The 12 companies that NCOSE — formerly known as Morality in Media — is spotlighting as “dirty” in 2023 are: Apple’s App Store, Discord, eBay, Instagram, Kik, Microsoft’s GitHub, OnlyFans, Reddit, Roblox, Spotify and Twitter.

Identifying Instagram as “dirty” confirms NCOSE’s commitment to ensuring that the platform continues its policy of discrimination against sex workers and sexual content. As XBIZ reported, NCOSE has boasted of holding policy meetings with Instagram leadership, which Instagram parent company Meta has not denied.

The inclusion of Reddit and Twitter reinforces the group’s current core mission of forcing those two open platforms to ban all adult content — a goal NCOSE is also pursuing by including Apple’s App Store among this year’s “dirty” companies and lobbying it to pressure Reddit and Twitter to eliminate all adult content and sex worker accounts.

“Those on our 2023 Dirty Dozen List were included for facilitating a diverse set of sexual exploitation issues,” declared NCOSE’s Vice President and Director of Corporate Advocacy Lina Nealon while unveiling the group’s list on Instagram.

Nealon, who by her own admission spends time on Snapchat impersonating a 14-year-old girl for research purposes, also claimed that “sexual abuse and exploitation are on the rise and are facilitated by digital platforms.” She called for tech platforms to “stop their products from threatening the safety of children and enabling sexual abuse to happen to people of all ages.”
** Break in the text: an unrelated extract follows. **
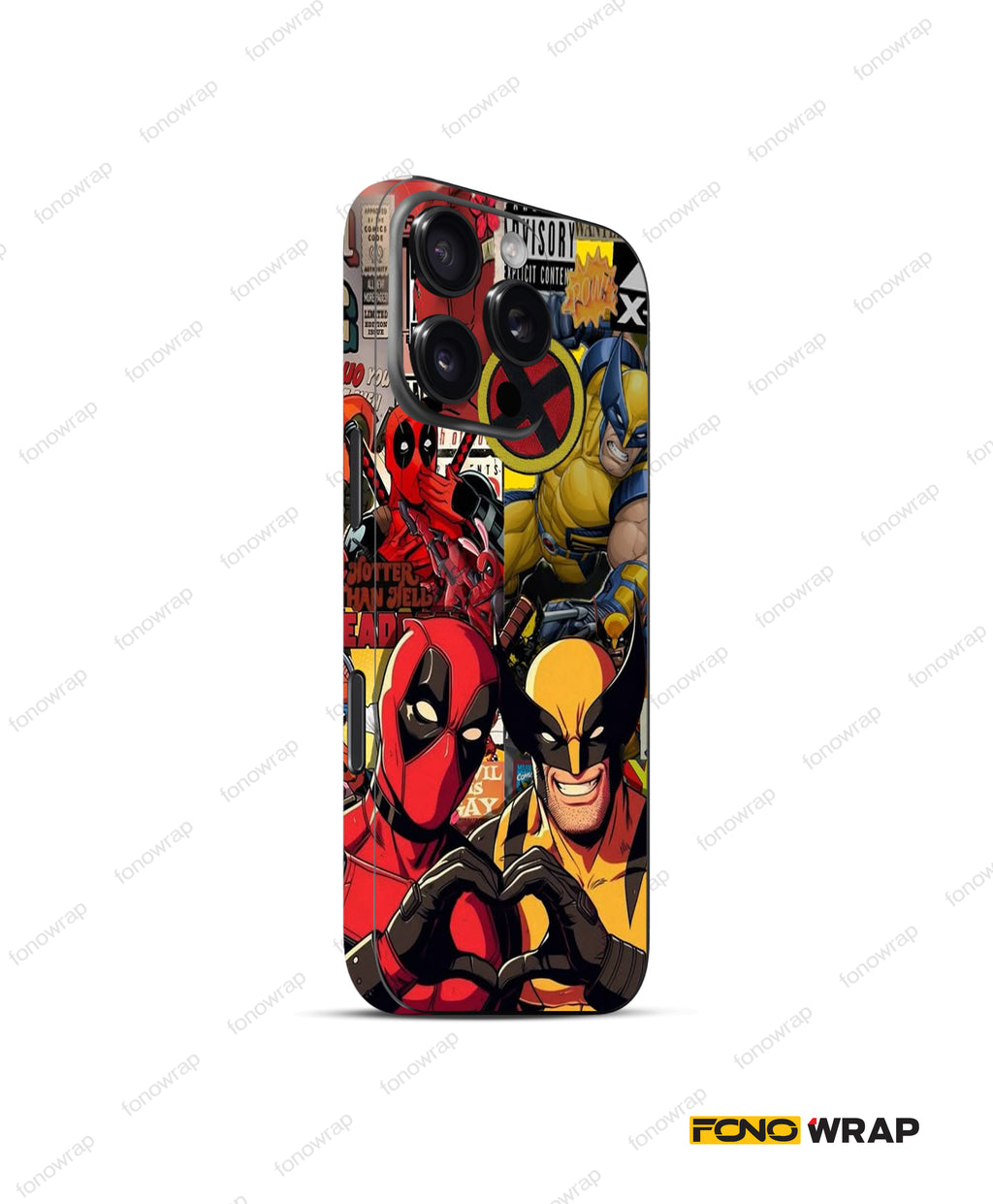 Deadpool Vs Wolverine Embossed Mobile Skin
Religious News Sites Echo NCOSE's Target List

Religious news sites immediately picked up on and amplified NCOSE’s annual hit list. The Baptist Press asserted that the anti-porn group provided “documented examples directly captured from the tech sites and corroborating information supporting the accusations of sexual exploitation.”

Last month, NCOSE launched a new campaign to eradicate all adult content on Reddit. In an open letter, the group called for the platform to take action against “hardcore pornography and sexually explicit content.”

Founded in 1961 by clergy, NCOSE rebranded in 2015, adopting its current name, the National Center on Sexual Exploitation — but has maintained its media censorship focus, even recently labeling mainstream publications like Sports Illustrated and Cosmopolitan “hardcore pornography.”

NCOSE considers all sexually explicit content, regardless of consent, to be exploitative, likens it to trafficking and has denied the very possibility of consensual sex work.